Разлука с Филиппом стала плановым мероприятием. После Толика Елена планово меняла работы и прически, планово бросала курить, планово шла на курсы английского, планово расставалась с предававшими подругами. Она не могла позволить себе жить иначе, потому что Лида и родители были на ней одной.

Так что однажды утром Филипп обнаружил свои вещи собранными, Елена развела руками и сказала:

– Финита ля комедия…

Мужики знали, что ее слово железное и не подлежит обсуждению. Филипп молча пошел в ванную, долго умывался, фыркал и пил воду из крана. Потом сел напротив собранных чемоданов, скрестил смуглые накачанные руки на груди, посмотрев мутными, как у несвежей рыбы, похмельными глазами, и сказал:

– Ты – разрушительница! Тебе наплевать на Лиду! И знай, ты никогда мне не нравилась как женщина!

Поскольку Елена была уже немолодая второзамужка, то встретила эти слова не слезами, как с Толиком, а здоровым смехом:

– Бедный, как же ты себя истязал, когда каждый раз говорил мне, что ни с одной бабой тебе не было так хорошо!

Удивительно, что при всей своей разности Толик и Филипп заканчивали брак одним почерком: выгоняя их, Елена почему-то узнавала, что она сразу и плохая мать, и никчемная любовница.

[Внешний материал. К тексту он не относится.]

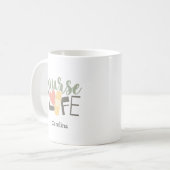 Custom Nurse Name Mug | Nursing Gift for RN, LPN  (Devant gauche)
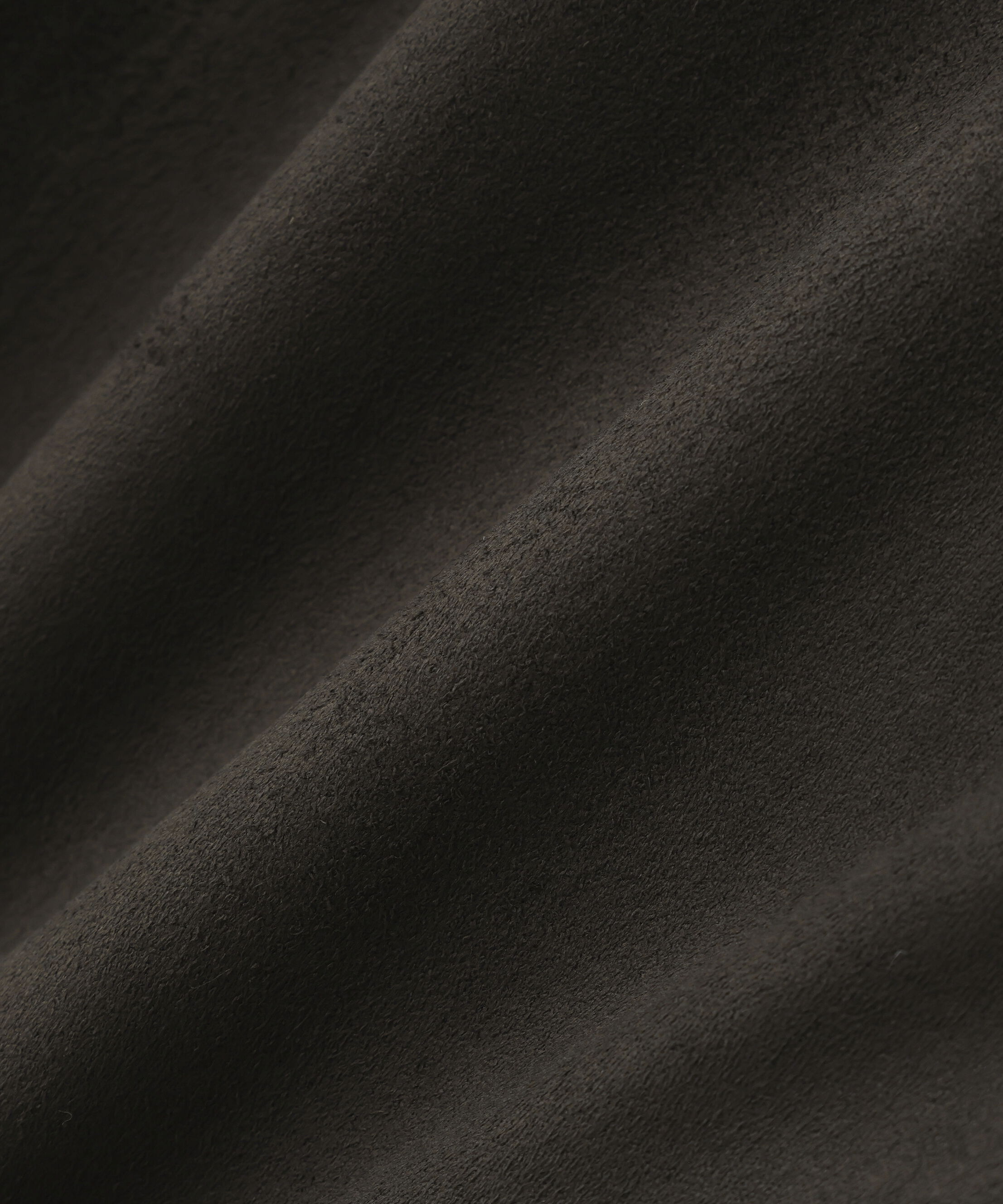  「ステンカラーフェイクスエードブルゾン」|ブルゾン・スタジャン|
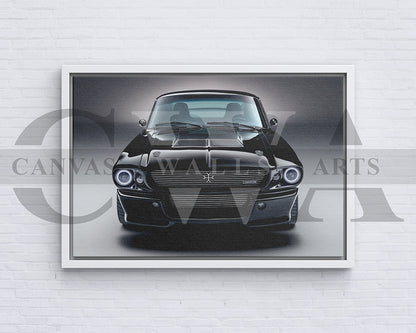 Charge Canvas Wall Art Car Poster Print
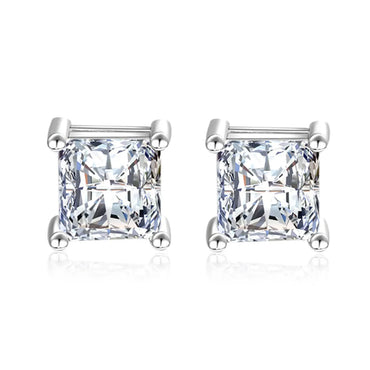 Fashion Geometric Copper Plating Zircon Ear Studs 1 Pair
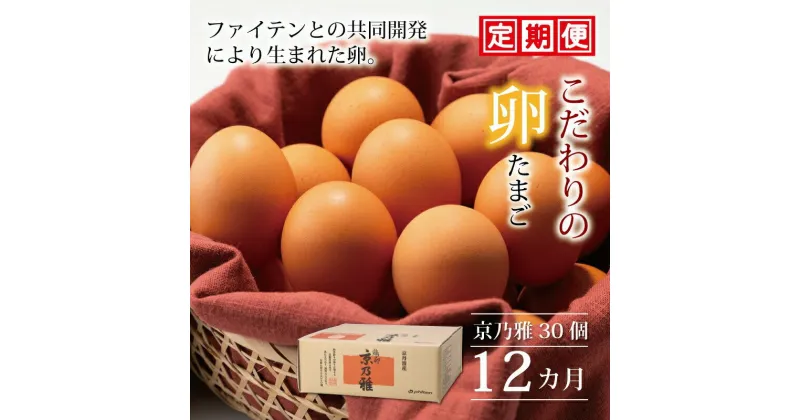 【ふるさと納税】 京の雅 30個 （割れ保証4個含む） 12ヶ月 定期便 卵 たまご 濃い 玉子 セット 卵焼き 12か月 毎月 定期 12回 お届け 卵かけご飯 ゆで卵 鶏卵 卵黄 定期 お届け まとめ買い 卵かけご飯 ごはん ゆで卵 鶏卵 卵黄 生卵 京都府 京丹波町 瑞穂 みずほファーム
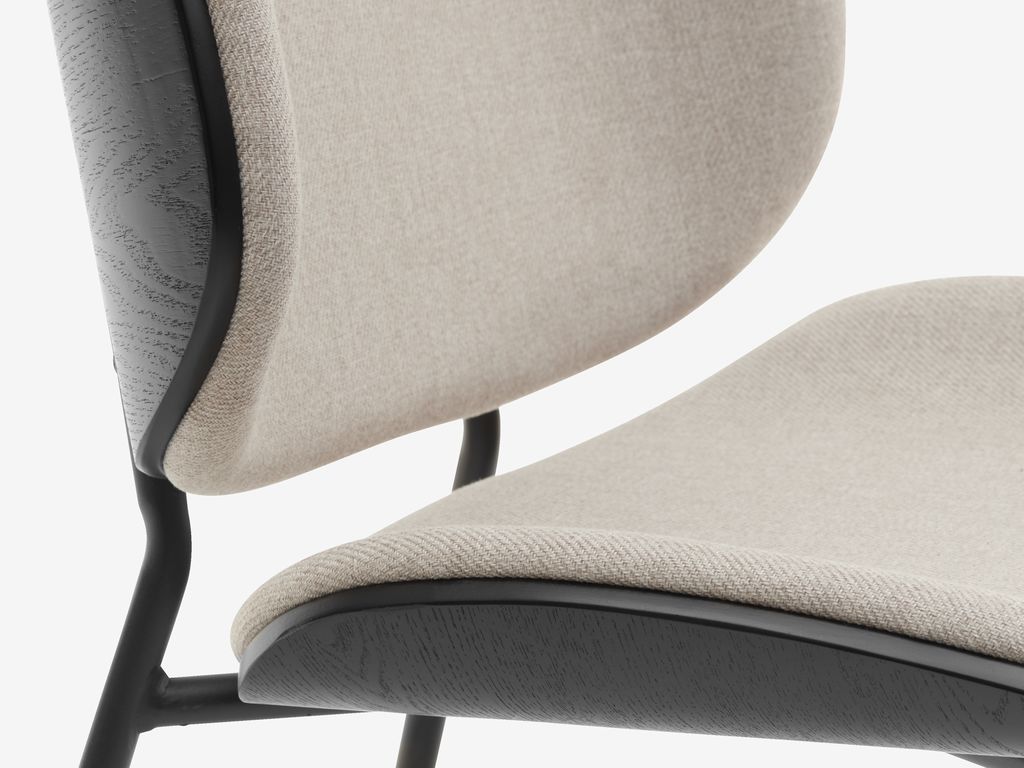 Dining chair TESTRUP light sand/black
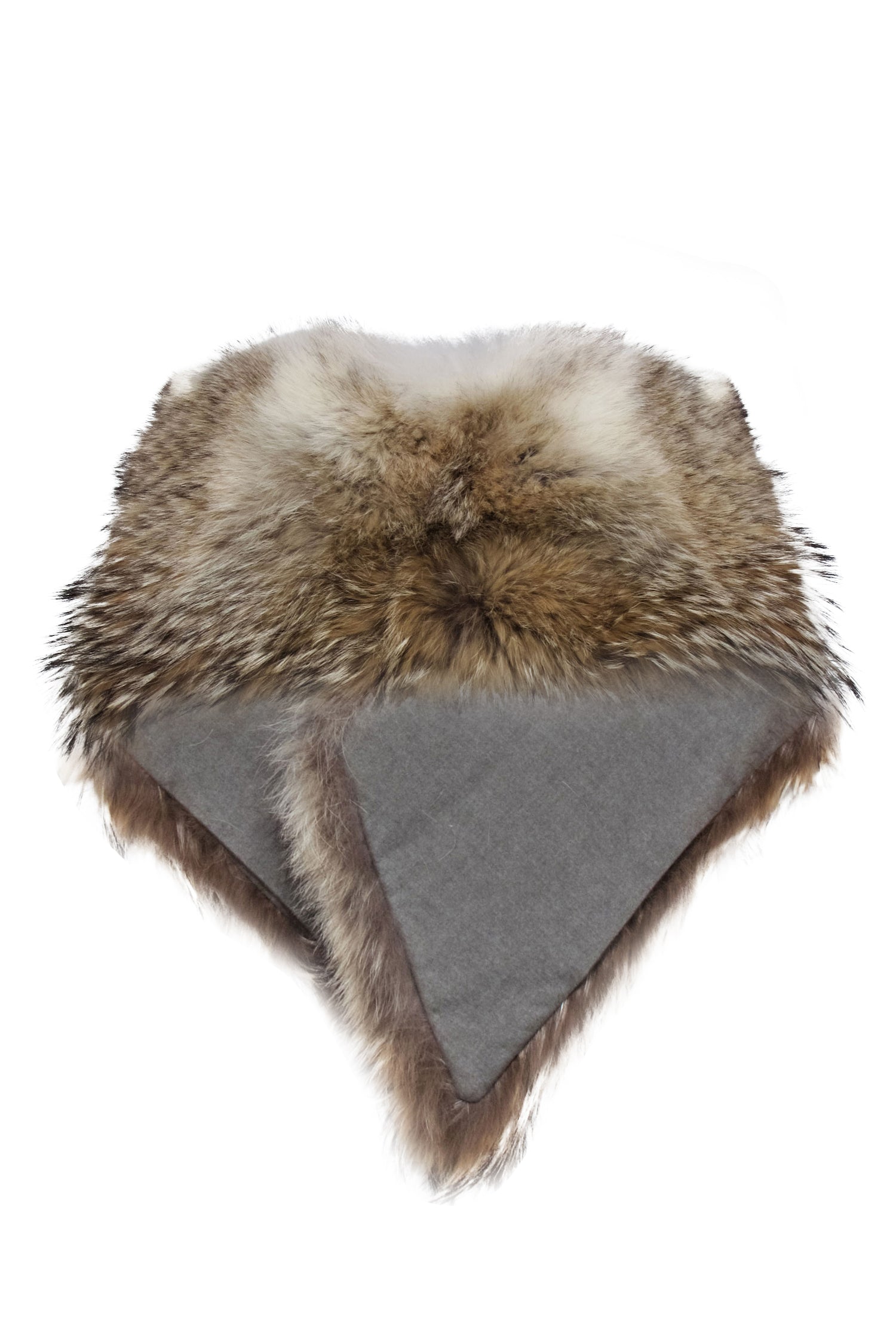 Theory - Exquisite Beige Coyote Fur Tashia Shawl (One Size)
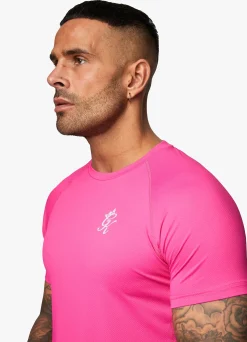 Gymwear<Gym King Energy Tee Magenta Pink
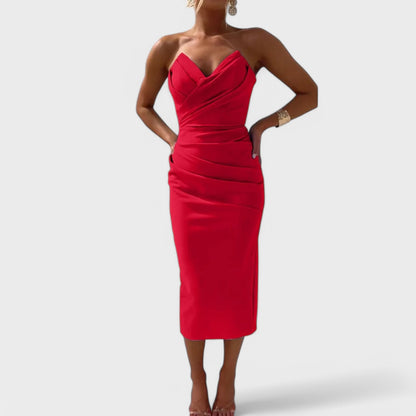 Mille - Elegant Stropløs Kjole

И вот, Караванов… Кто бы мог подумать? Сейчас именно трогательный пухленький Караванов, выпрямившись, стоял перед ней в позе уездного священника и многозначительно повторял:

– Наша с тобой семейная жизнь чудовищна. Так больше не может продолжаться!

Елена подумала, что он свихнулся, потому что они жили и ворковали, как две гули; а прошлые две жены чуть ли не пинали его ногами.

– Что не так? – спросила она голосом доброй учительницы младших классов.

– Все! Даже это! Ты ведешь себя так, словно я ребенок! Ты все время все решаешь, все проверяешь за мной! Я устал от этого! – чуть не взвизгнул Караванов.

– Что я за тебя решаю? – удивилась она и подумала бабушкиными словами: «Мужика сглазили!»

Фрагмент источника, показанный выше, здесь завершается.